O sea que, por ahora, la apreciación de nuestra moneda nacional (que se traduce en la baja del dólar, aumentando el “atraso cambiario”) continuará.
El atraso cambiario y sus consecuencias
Si bien representan 15,5% del PIB (US$ 8.301 millones en 2016, con un PIB de US$ 53.600 millones), no es menos cierto que las mismas constituyen el “sueldo país” y el indicador exacto de nuestra competitividad y la validez de nuestra inserción internacional.
Pues bien, no le ha ido bien (no puede irle bien) a nuestras exportaciones con el incremento de la apreciación de la moneda nacional o atraso cambiario.

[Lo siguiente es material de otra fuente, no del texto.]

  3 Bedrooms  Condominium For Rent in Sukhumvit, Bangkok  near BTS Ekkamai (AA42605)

Según el Instituto Uruguay XXI, en 2015 nuestras exportaciones fueron de US$ 8.967 millones, sufriendo una caída de 11,6% en relación a 2014. Este resultado, de por sí muy malo, se agravó en 2016: “Las exportaciones uruguayas de bienes –incluyendo las realizadas desde zonas francas– totalizaron US$ 8.301 millones en 2016, marcando una reducción anual de 7,3% respecto a 2015”, señala el Informe Anual de Comercio Exterior de 2016 del referido instituto de promoción de exportaciones. El acumulado (debidamente ponderado) nos da una caída de 19,7%, casi la quinta parte de nuestras ventas al resto del mundo, en dos años.

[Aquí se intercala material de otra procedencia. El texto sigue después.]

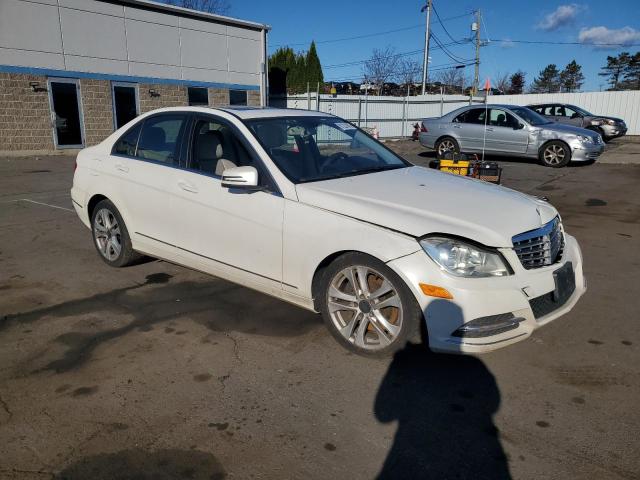 WDDGF8AB6DR267291 - 2013 MERCEDES-BENZ C 300 4MATIC WHITE photo 4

Parece un terrible negocio, aun sin tener en cuenta la evolución de nuestras importaciones.
Sin perjuicio de las realidades y las tendencias señaladas, un reciente informe titulado Perspectivas de Comercio Internacional 2017 de la referida institución oficial concluye que “de acuerdo a las proyecciones elaboradas por Uruguay XXI, las exportaciones de bienes uruguayos crecerán en el orden de 6% en 2017 gracias a la recuperación del precio de los commodities y a las mejoras previstas en el escenario regional”. El documento prevé aumentos de más de 5% en la faena, lo que mejoraría la venta de la carne bovina, líder de nuestras ventas al exterior; aumento en el precio de la celulosa; un aumento en la producción de soja y mejoras en algunos mercados como China, Brasil, Argentina y Estados Unidos. Es de desear que estos pronósticos se cumplan.
La realidad que tenemos actualmente es la de un aparato exportador en franca caída y un escenario global en el que el país vende menos bienes y servicios que los que compra en el exterior.
Es una película que vimos muchas veces, con consecuencias a veces mucho peores que otras, pero, ante todo, es un mal escenario.
La inflación en dólares, o atraso cambiario, ha demostrado ser muy mala, cuando no letal, para nuestro país.
El 10 de julio, Caras y Caretas publicó un artículo titulado ‘¿Cómo evolucionará el dólar?’, el cual afirmaba que “el cambio regional y la coyuntura global estimulan la tendencia, que siempre fue objetivo del equipo económico. En el nuevo contexto, es previsible que el dólar siga bajando”.
Todo indica que esta tendencia se mantendrá para satisfacción de importadores y residentes que viajen al exterior; y del equipo económico, que con los mismos pesos tendrá más PIB, pagará menos servicio de deuda y bajará artificialmente la inflación (ya que no hay control de precios ni se lucha contra monopolios ni oligopolios) al precio de reducir las exportaciones, o sea la venta del trabajo nacional, y aumentar las importaciones, o sea la compra del trabajo extranjero, reforzando nuestro rol de exportador de materias primas, cada vez con menor elaboración, y de comprador de bienes industrializados en la división internacional del trabajo vigente.